Money Laundering vs Coming Clean
Here is some news that is not going to come as a shock. Not everybody involved in disputes after relationship breakdown is honest in disclosing their financial positions. Despite the fact that the Family Law Act imposes a duty of full and frank financial disclosure, people do not always comply. Part of the job of a good family lawyer is to do his or her best to ensure that disclosure is made, but what happens when it isn't?
The Family Law Act provides that if a court is satisfied that there has been a miscarriage of justice by reason of fraud or suppressing evidence including failure to disclose, false evidence or any other circumstance, then the court orders can be set aside or changed. So if you feel that you have been cheated, you have to show that there was a miscarriage of justice and that it was caused by fraud or suppression of evidence or failure to disclose relevant information or falsity. There are other grounds as well but the purpose of this article is to address dishonesty.

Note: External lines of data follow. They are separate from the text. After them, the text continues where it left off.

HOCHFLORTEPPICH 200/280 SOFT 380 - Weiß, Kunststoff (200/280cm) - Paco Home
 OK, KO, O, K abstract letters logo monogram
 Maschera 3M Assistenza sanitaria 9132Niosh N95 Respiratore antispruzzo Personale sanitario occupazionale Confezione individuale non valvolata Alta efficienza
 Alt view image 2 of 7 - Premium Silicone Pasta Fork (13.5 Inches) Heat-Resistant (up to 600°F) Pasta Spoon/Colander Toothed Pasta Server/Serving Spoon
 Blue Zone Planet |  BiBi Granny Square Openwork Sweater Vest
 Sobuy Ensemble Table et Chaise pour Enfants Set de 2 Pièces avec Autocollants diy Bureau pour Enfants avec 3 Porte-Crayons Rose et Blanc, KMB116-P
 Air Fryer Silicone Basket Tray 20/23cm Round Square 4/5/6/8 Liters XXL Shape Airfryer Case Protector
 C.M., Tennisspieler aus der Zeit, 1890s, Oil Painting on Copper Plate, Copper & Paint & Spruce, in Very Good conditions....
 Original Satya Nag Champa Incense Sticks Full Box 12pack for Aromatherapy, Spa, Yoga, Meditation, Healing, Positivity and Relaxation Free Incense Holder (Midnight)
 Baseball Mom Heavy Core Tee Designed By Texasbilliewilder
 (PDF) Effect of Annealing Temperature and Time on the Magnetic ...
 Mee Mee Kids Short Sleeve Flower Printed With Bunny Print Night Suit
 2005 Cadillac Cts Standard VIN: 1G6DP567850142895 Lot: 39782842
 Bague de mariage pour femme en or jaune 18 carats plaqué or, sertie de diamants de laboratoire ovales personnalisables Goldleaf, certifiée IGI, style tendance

Miscarriage of justice really means that if the truth had been known, the court would have made substantially different orders. It applies if the court is misled or if the other party is misled. So on the face of it, the person who is misled has the job of persuading the court second time around that there was a failure to tell the truth and that it was significant enough to cause a substantial difference in outcome if the truth had been known.
Two recent cases from England have made potentially a substantial difference to the law there and it is one that perhaps might be considered here. Both cases were heard at the same time. I am indebted to Farrer & Co, leading London lawyers, for a report on the two cases of Sharland & Sharland and Gohil & Gohil. Both judgments were delivered at the same time by the highest court in the UK, the Supreme Court. Mr Sharland was a multimillionaire software developer. He told the court and his ex that his shares in a company were worth £31.5million. What he didn't say was that he was pursuing a public float of the company and that this valued the company at over £600million.
Mr Gohil had bad luck all around. Not only was his family law property settlement ripped up but he was gaoled for ten years for fraud and money laundering. During his criminal trial the prosecution found he was worth at least £35million, which is a lot more than he had told his ex wife.
Both wives asked the court to set aside the previous orders. The court did this but in doing so, it took a new step. The Supreme Court distinguished between intentional fraudulent disclosure and accidental, innocent, or negligent disclosure. If the court found that the nondisclosure was intentional, the deceived party no longer had to convince the court that there had been a miscarriage of justice: the burden of proof flipped. It was the dishonest party that then had to show the court two things:
The fraud would not have influenced a reasonable person to agree to the orders; and
Had the court known the right information, the order would not have been significantly different.
This is a really tough stand against dishonest divorcing parties. That does not apply here, because on the face of it, the person applying to set aside court orders still has to prove the miscarriage of justice and the reason why it occurred.
In the next article I want to discuss the effect of fraud or failures to disclose information on prenuptial agreements or financial agreements and whether the burden of proof can be flipped in those circumstances.
In the meantime, the English courts have taken a step in favour of transparency and honesty.